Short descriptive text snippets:

◇ ◇ ◇ ◇ ◇ ◇ ◇

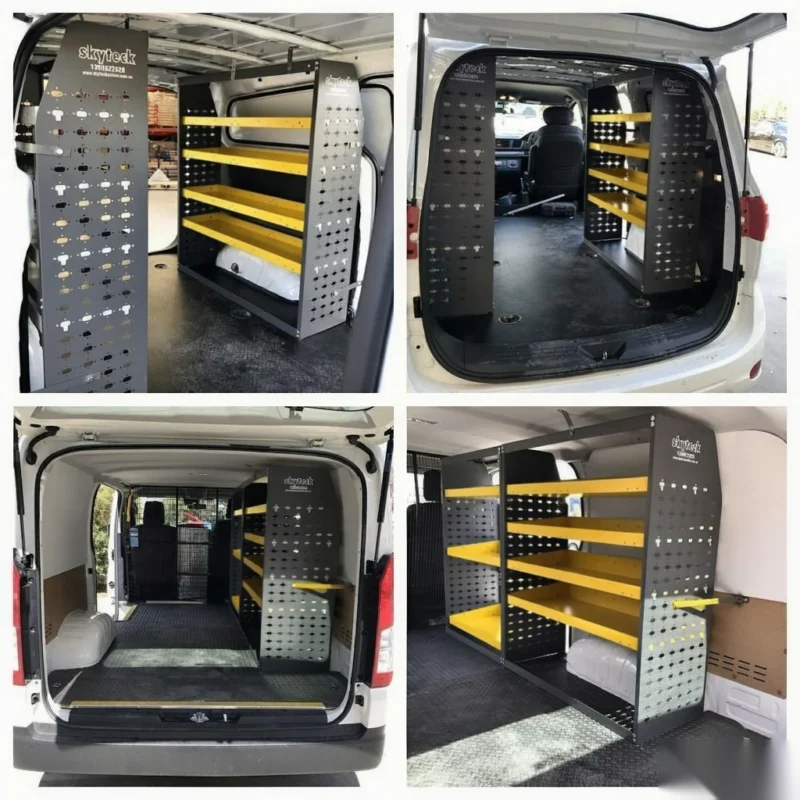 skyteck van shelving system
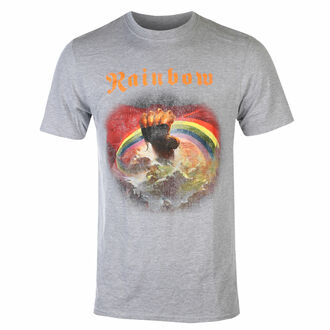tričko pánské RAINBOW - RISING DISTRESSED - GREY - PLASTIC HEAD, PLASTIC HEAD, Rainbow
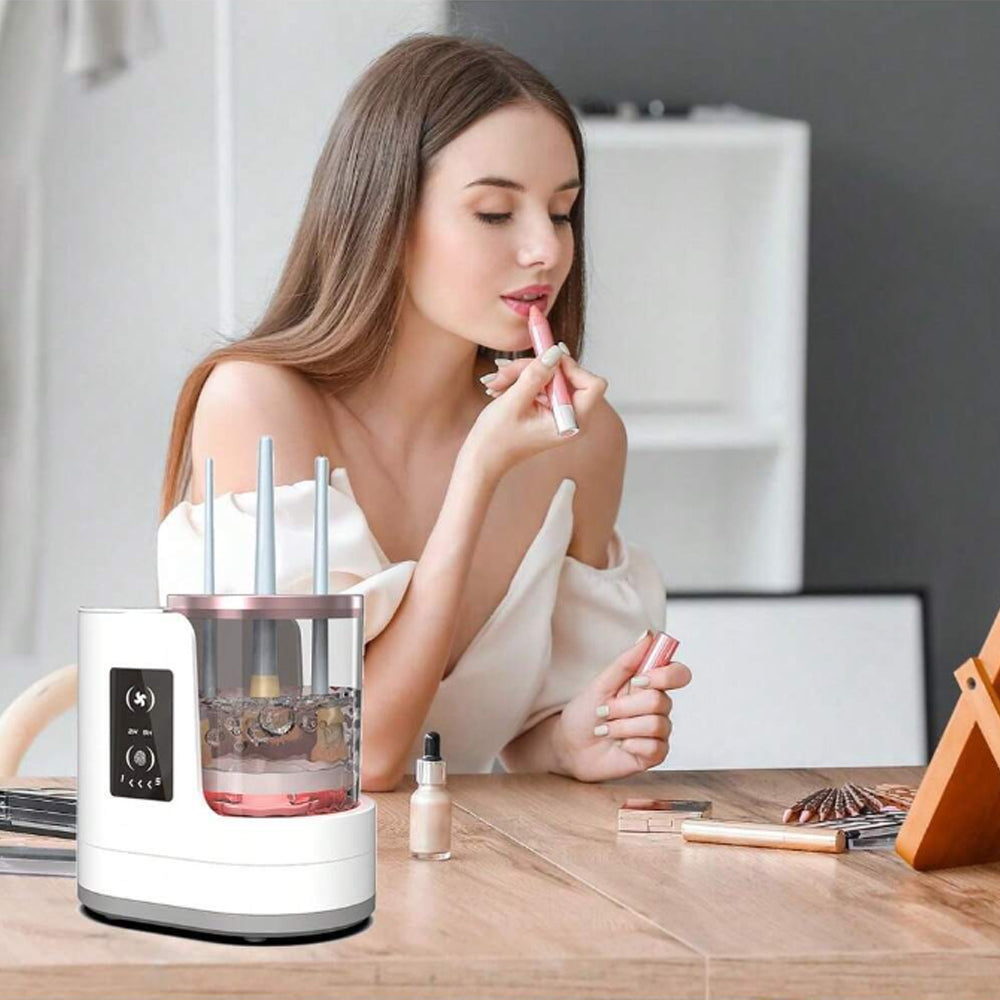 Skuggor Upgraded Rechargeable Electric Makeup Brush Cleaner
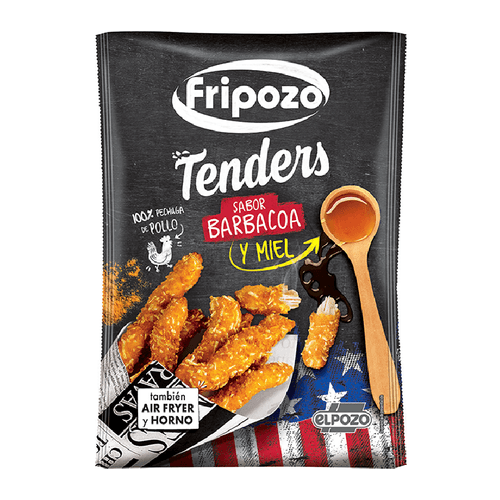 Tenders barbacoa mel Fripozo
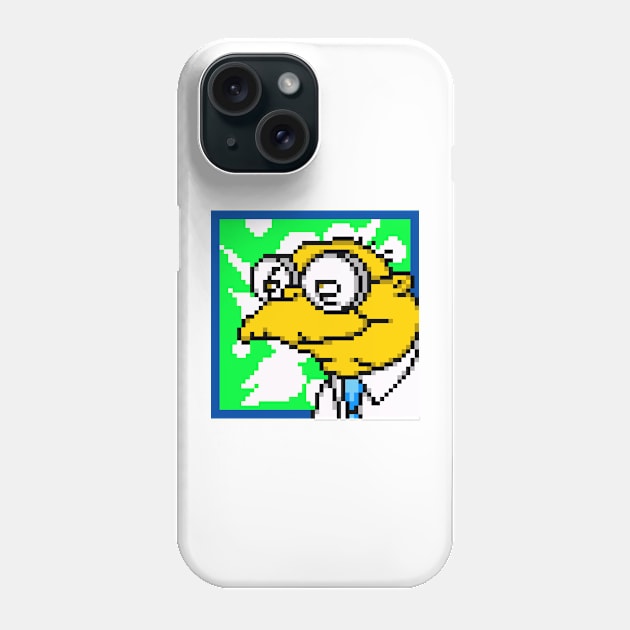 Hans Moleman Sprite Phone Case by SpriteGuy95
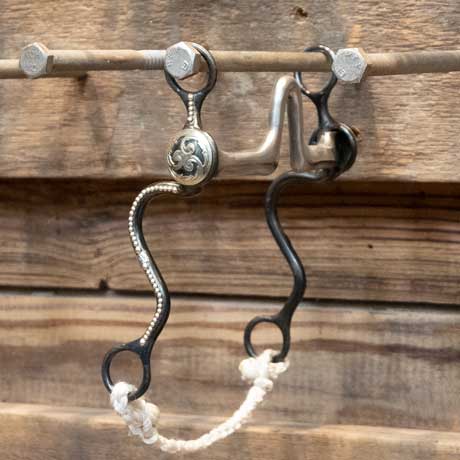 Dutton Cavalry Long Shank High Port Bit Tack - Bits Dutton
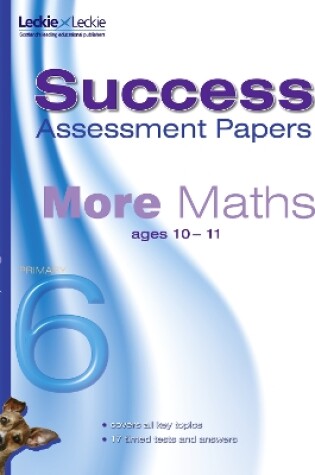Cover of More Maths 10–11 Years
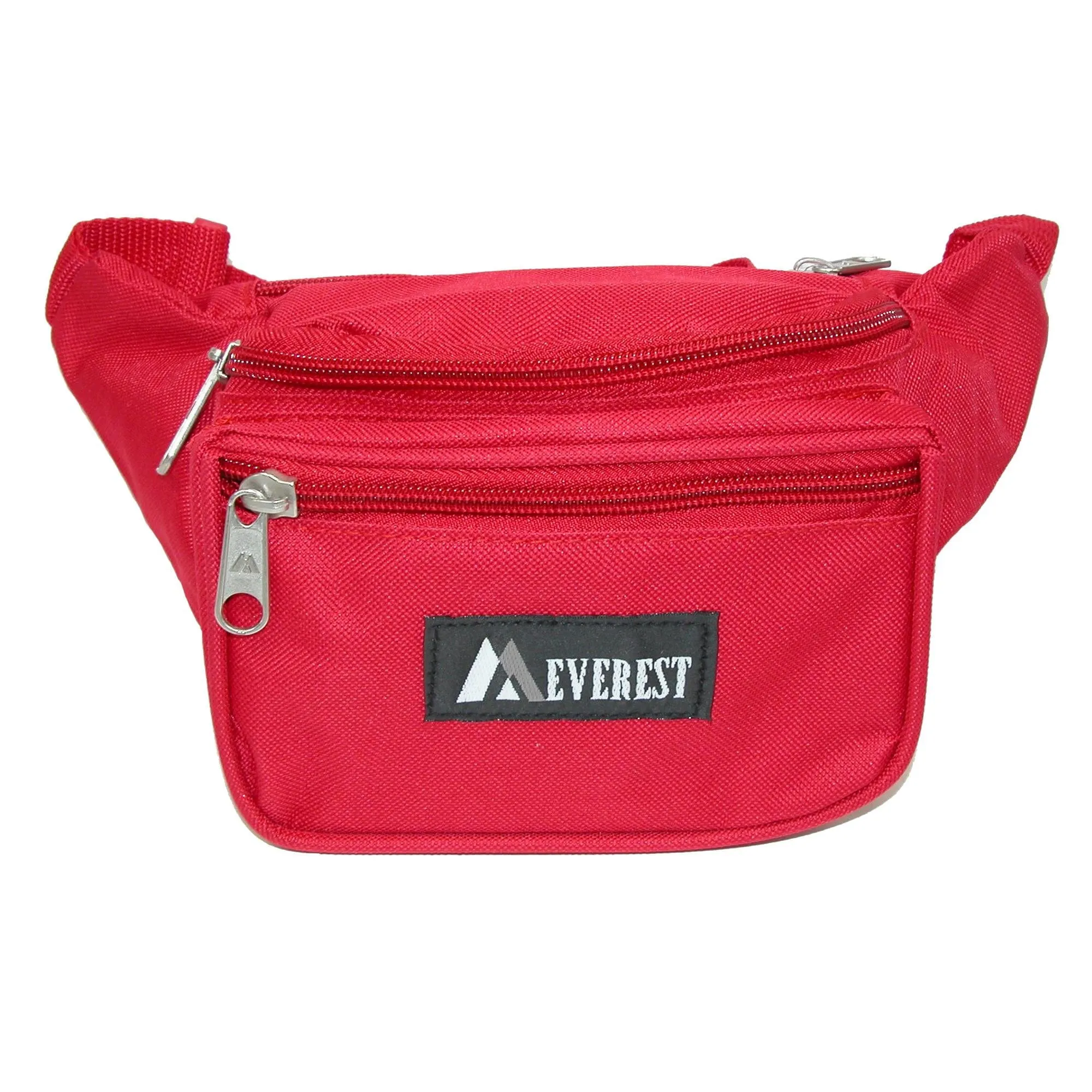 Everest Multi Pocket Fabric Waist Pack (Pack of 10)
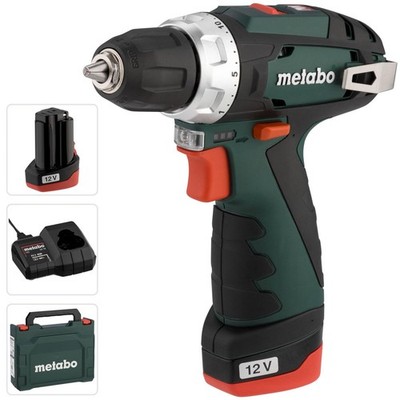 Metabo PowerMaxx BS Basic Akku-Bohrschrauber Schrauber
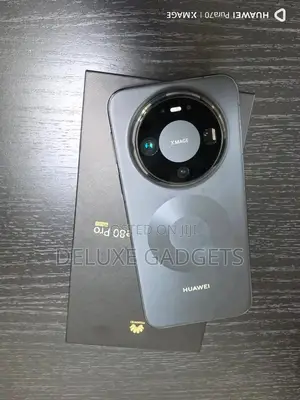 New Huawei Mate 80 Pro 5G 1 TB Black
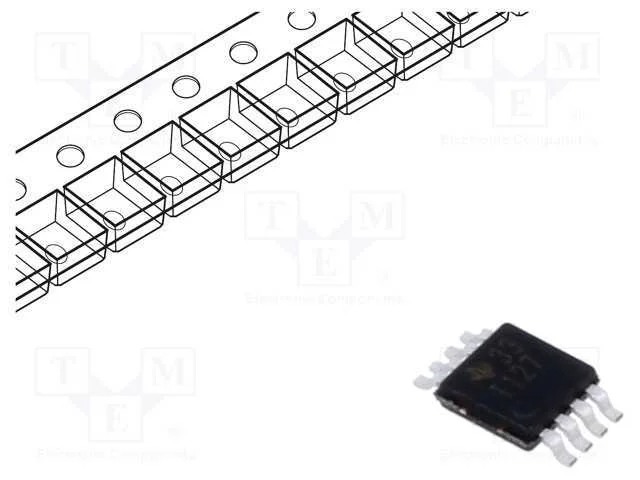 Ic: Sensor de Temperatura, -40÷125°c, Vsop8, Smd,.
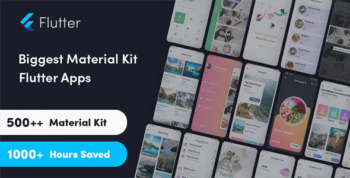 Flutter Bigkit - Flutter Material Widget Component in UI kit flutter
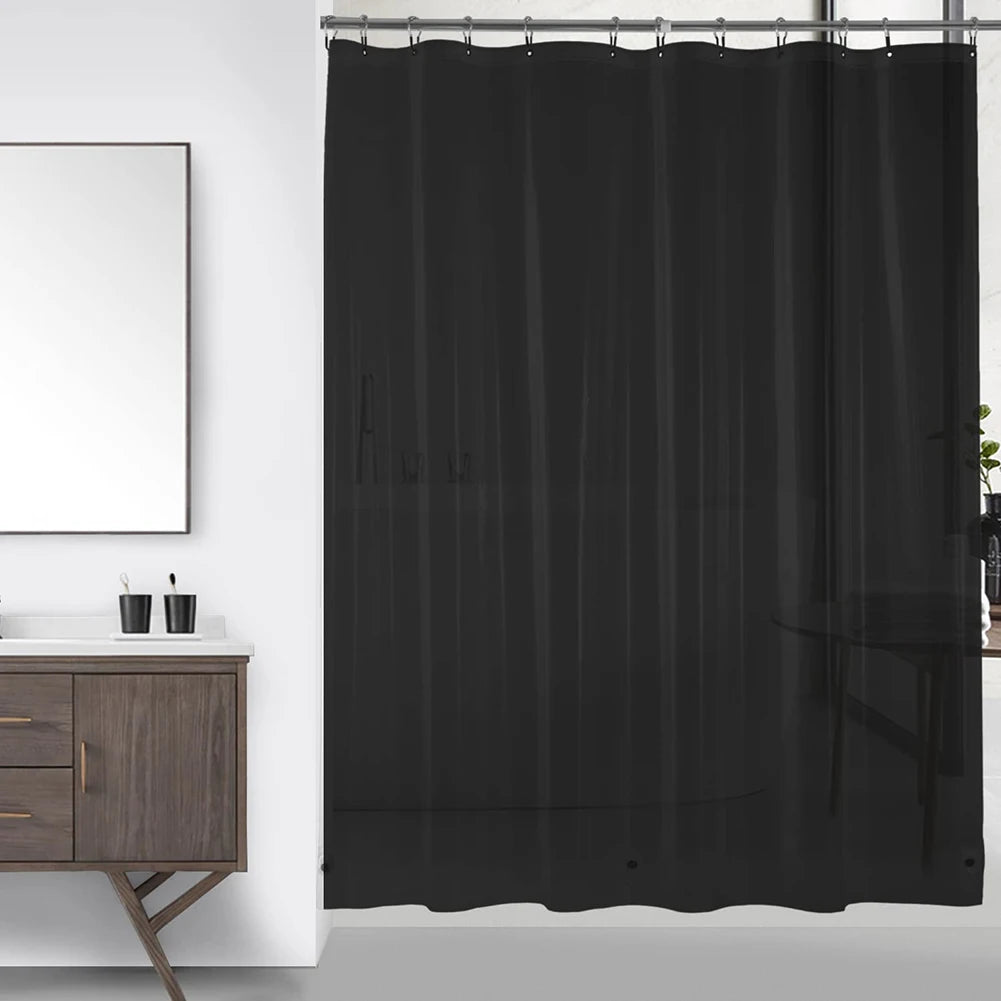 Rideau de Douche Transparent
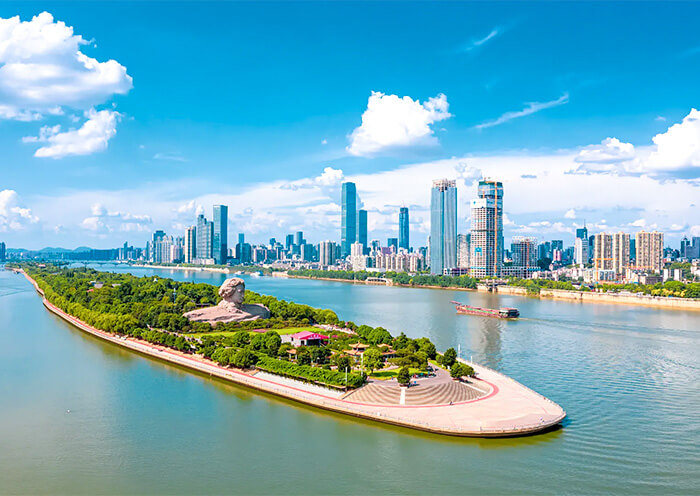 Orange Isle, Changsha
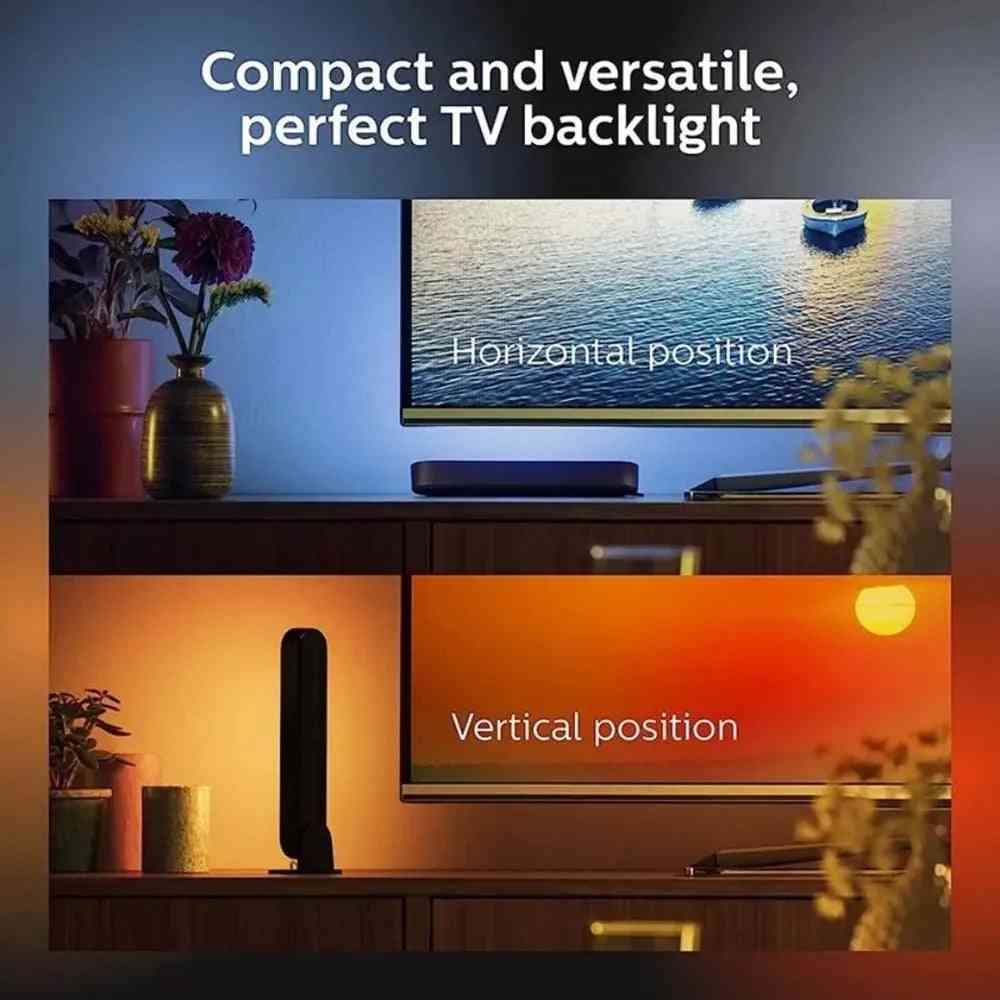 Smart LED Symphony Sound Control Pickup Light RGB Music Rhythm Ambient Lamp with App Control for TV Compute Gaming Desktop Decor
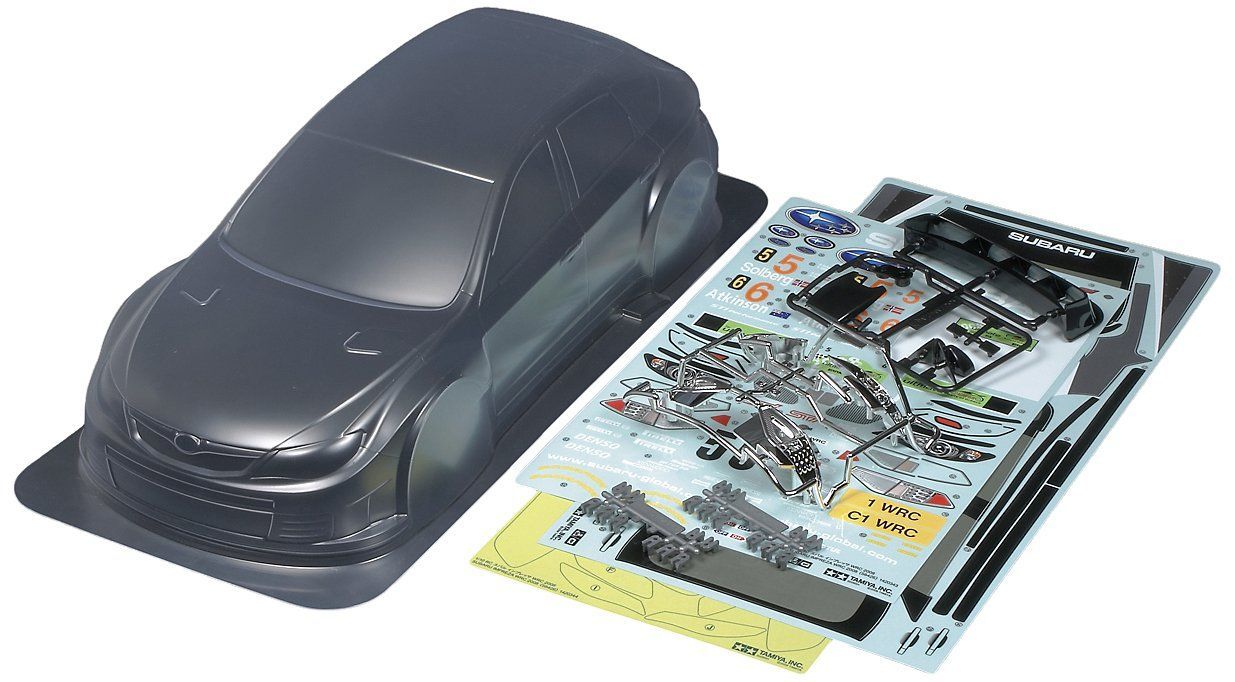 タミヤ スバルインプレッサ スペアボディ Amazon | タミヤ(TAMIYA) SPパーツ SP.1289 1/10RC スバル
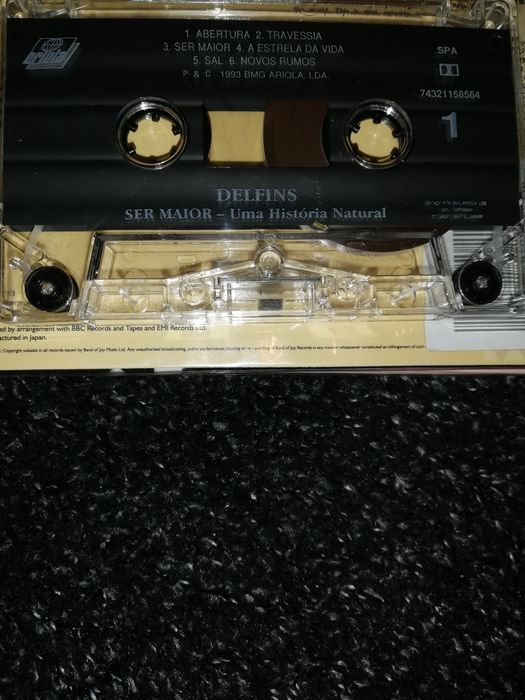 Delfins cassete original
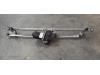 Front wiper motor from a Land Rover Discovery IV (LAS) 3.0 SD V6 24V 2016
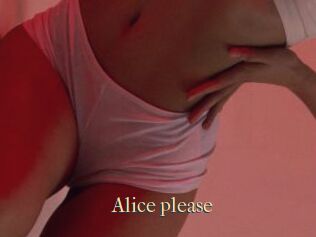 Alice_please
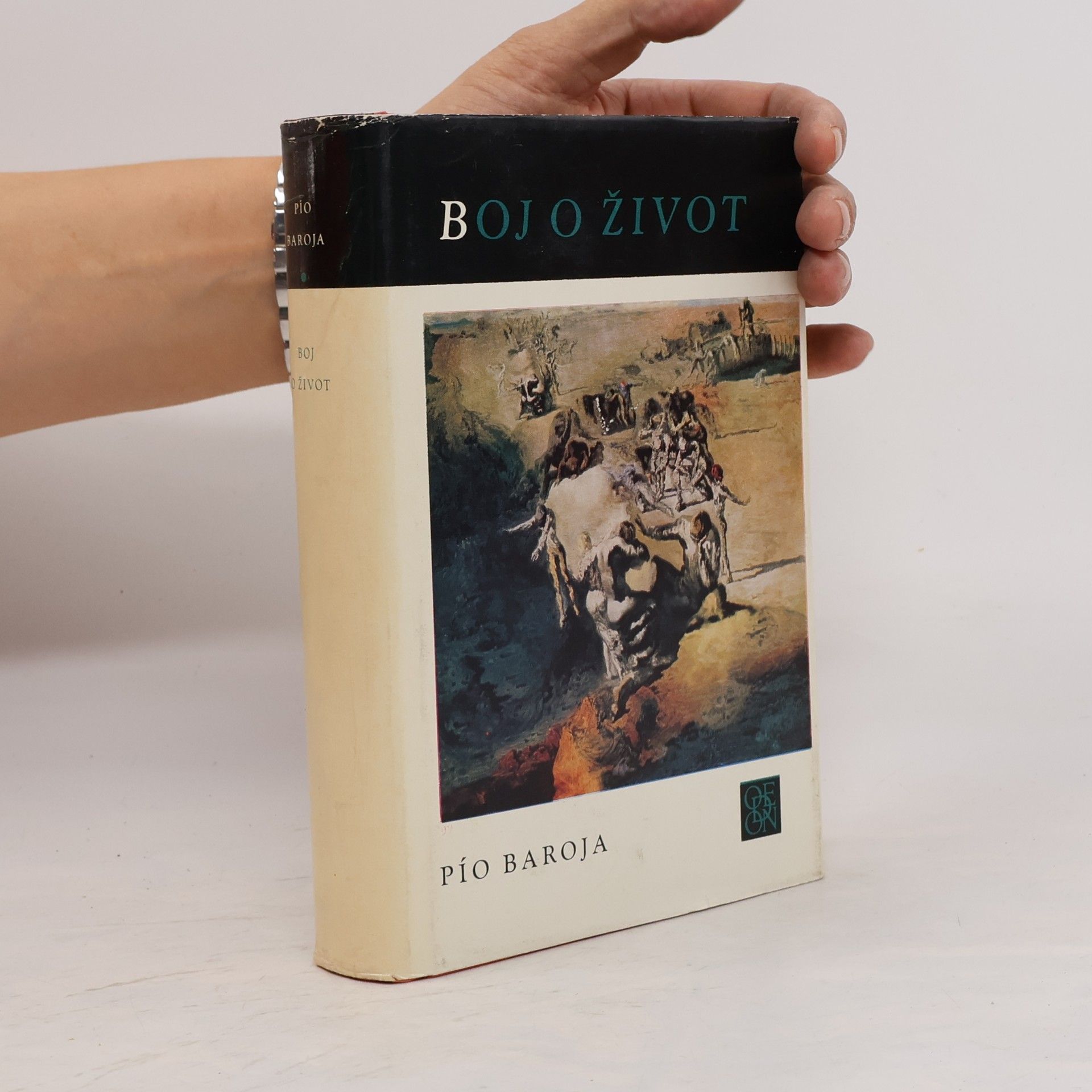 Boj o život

◇ ◇ ◇ ◇ ◇ ◇ ◇

Task directions: Give the data again word for word, without pictures.

Finished exercise:
 skyteck van shelving system
tričko pánské RAINBOW - RISING DISTRESSED - GREY - PLASTIC HEAD, PLASTIC HEAD, Rainbow
 Skuggor Upgraded Rechargeable Electric Makeup Brush Cleaner
 Tenders barbacoa mel Fripozo
 Hans Moleman Sprite Phone Case by SpriteGuy95
 Dutton Cavalry Long Shank High Port Bit Tack - Bits Dutton
Cover of More Maths 10–11 Years
 Everest Multi Pocket Fabric Waist Pack (Pack of 10)
 Metabo PowerMaxx BS Basic Akku-Bohrschrauber Schrauber
 New Huawei Mate 80 Pro 5G 1 TB Black
 Ic: Sensor de Temperatura, -40÷125°c, Vsop8, Smd,.
 Flutter Bigkit - Flutter Material Widget Component in UI kit flutter
 Rideau de Douche Transparent
 Orange Isle, Changsha
 Smart LED Symphony Sound Control Pickup Light RGB Music Rhythm Ambient Lamp with App Control for TV Compute Gaming Desktop Decor
 タミヤ スバルインプレッサ スペアボディ Amazon | タミヤ(TAMIYA) SPパーツ SP.1289 1/10RC スバル
 Delfins cassete original
 Front wiper motor from a Land Rover Discovery IV (LAS) 3.0 SD V6 24V 2016
 Alice_please
 Boj o život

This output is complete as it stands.